PARIS -- Defending champion Serena Williams pulled out quite a comeback in the French Open quarterfinals Thursday, coming back from a set and a break down to beat 60th-ranked Yulia Putintseva 5-7, 6-4, 6-1.
How close was Williams to her earliest exit at a Grand Slam tournament since Wimbledon in 2014? Putintseva, who is from Kazakhstan and ranked only 60th, twice was a point from serving for the biggest victory of her career.
"She played unbelievable. And I honestly didn't think I was going to win that in the second set," said Williams, who will face another unseeded opponent, 58th-ranked Kiki Bertens of the Netherlands, in the semifinals. "Somehow I did."
Bertens beat eighth-seeded Timea Bacsinszky 7-5, 6-2.
According to ESPN Stats & Information, it was the 36th time -- the most since 1968 -- that Williams dropped the first set of a match in a Grand Slam event only to rally and win. Chris Event is second on that list with 28 victories after losing the first set and then winning a match.
Williams came through, as she so often does, overcoming not only a relentless competitor in Putintseva but also her own shakiness on a cloudy, chilly day that included a brief rain delay in the third game. The No. 1-seeded American's strokes were off and her range was wrong, to the tune of mistake after mistake after mistake.
She made 11 unforced errors before Putintseva committed one, and at the end of the first set, the count was 24-2. Williams got so desperate at one point that she shifted her racket to her left hand to try a shot that way -- and whiffed.
By the end, the unforced-error statistics read this way: Williams 43, Putintseva 16.
But by the end, too, Williams was asserting herself as no one else currently on tour can, winding up with twice as many winners as Putintseva, 36-18.
"I thought, I just can't go out in straight sets," Williams said in her postmatch interview. "So I just thought if I could just win a set ... At that point, I wasn't playing my best, but she was just playing some different tennis and I just wasn't used to it.
"I had to get into that rhythm, and once I found it, I found my game."
Now Williams can continue her quest for a 22nd Grand Slam title, which would equal Steffi Graf's Open-era record.
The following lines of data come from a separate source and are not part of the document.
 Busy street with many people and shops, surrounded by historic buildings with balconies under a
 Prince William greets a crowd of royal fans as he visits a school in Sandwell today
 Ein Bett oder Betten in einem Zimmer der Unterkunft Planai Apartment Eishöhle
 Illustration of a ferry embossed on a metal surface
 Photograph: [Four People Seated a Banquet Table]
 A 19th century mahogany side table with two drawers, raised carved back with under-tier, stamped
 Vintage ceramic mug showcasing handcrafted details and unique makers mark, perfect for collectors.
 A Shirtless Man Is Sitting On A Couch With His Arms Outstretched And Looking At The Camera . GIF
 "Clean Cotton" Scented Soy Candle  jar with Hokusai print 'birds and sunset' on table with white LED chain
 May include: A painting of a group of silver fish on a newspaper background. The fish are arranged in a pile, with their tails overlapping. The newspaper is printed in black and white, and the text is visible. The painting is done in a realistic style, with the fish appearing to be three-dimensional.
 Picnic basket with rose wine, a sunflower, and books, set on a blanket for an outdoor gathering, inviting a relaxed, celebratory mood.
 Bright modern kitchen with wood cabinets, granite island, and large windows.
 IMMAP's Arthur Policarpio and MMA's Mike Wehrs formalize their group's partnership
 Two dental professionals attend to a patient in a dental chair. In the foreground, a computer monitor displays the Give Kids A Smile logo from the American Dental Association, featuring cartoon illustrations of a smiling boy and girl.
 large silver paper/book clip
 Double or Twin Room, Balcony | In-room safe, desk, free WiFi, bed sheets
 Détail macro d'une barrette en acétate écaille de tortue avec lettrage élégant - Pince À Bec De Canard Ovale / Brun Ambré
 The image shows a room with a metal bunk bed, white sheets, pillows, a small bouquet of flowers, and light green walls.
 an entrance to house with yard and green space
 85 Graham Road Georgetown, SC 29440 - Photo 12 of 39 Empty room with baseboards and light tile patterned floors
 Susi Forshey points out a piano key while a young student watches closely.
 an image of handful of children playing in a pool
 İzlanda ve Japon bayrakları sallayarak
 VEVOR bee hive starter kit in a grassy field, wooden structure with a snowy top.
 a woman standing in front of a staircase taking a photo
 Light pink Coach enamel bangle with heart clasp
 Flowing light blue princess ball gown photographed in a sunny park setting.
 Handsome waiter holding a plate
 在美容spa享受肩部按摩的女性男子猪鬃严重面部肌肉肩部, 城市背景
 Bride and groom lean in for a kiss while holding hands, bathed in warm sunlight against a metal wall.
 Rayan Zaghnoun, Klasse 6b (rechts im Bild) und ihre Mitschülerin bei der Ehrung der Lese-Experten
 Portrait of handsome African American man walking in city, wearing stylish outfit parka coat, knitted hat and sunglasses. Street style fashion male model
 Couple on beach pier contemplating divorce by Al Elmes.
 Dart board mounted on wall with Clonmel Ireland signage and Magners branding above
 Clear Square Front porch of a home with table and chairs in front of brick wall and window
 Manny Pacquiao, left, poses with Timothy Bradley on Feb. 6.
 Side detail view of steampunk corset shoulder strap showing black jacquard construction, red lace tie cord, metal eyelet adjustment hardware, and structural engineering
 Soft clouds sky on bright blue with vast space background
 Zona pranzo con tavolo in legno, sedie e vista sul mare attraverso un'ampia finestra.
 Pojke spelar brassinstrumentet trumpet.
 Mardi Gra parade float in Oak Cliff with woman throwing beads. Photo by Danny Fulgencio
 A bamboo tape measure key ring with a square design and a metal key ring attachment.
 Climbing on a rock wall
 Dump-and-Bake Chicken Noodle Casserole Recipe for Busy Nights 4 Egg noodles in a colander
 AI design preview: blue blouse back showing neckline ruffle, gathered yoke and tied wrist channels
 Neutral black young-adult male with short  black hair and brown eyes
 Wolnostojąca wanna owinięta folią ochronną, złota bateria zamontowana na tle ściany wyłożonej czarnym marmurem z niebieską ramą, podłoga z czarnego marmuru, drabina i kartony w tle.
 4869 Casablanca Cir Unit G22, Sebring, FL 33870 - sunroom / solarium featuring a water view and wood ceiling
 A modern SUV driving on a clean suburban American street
Since getting No. 21 at Wimbledon a year ago for her fourth consecutive major championship, Williams has bowed out in the semifinals of the US Open last September against Roberta Vinci of Italy -- ending the American's bid for a calendar-year Grand Slam -- and in the final of the Australian Open this past January against Angelique Kerber of Germany.
This setback would have come in the quarterfinals, though, and against a more unheralded opponent. Putintseva is only 21, 13 years younger than Williams, and had never been past the third round of any major tournament until this one.
Yet Putintseva -- who used to train with Williams' coach, Patrick Mouratoglou -- threw her 5-foot-4 frame into groundstrokes to send balls deep into the court and make things rather interesting for two sets.
At 5-all in the first, Williams went ahead 40-love on her serve, only to get broken. Putintseva then served out that set at love when Williams flubbed a backhand. Putintseva yelled with joy and waved her arms, telling the spectators to rejoice with her, before sitting on the sideline with a wide smile on her face.
Williams hadn't lost a set in the tournament until this match, and this was more like a year ago at Roland Garros, where she was forced to win five three-setters on the way to the championship.
At 4-all in the second set, Putintseva held two break points: Had she converted either, she would have been ahead 5-4 and served for the match. She couldn't do it.
And after holding with a drop volley winner, Williams looked up to the gray sky with her palms aloft.
Williams then broke to take the set when Putintseva double-faulted. Putintseva twirled her racket and dropped it and shoved the brim of her white cap over her eyes. They would go on to play another 32 minutes, but that was pretty much that.
The third set was lopsided as can be, and when Williams smacked one return winner, she raised her left fist in the air.
Bertens is deep into unchartered territory. Before this French Open, just once in 15 previous Grand Slam tournaments did she advance beyond the second round -- making the fourth round at Roland Garros in 2014.
Bacsinszky is the fourth seeded player to fall to Bertens' march to the semifinals.
After winning the first set, Bertens got treatment on her left calf, which was taped from the start of the match on a near-deserted Court Suzanne Lenglen. She gave a happy thumbs up as the trainer wrapped the muscle in a bandage. The niggle didn't appear to affect her play or mobility.
In the final quarterfinal match, Bertens immediately broke Bacsinszky to jump to a 2-0 second-set lead. Her Swiss opponent grappled with mounting frustration, muttering to herself between points.
On her next service game, Bacsinszky hit a backland long on breakpoint to increase Bertens' lead to 4-0. Bacsinszky then got a break back and held serve to recover to 2-4.
But Bertens saved three break points in the seventh game to take a 5-2 lead. She hit a crisp backhand winner on her second match point for the victory.
Information from ESPN Stats & Information and The Associated Press was used in this report.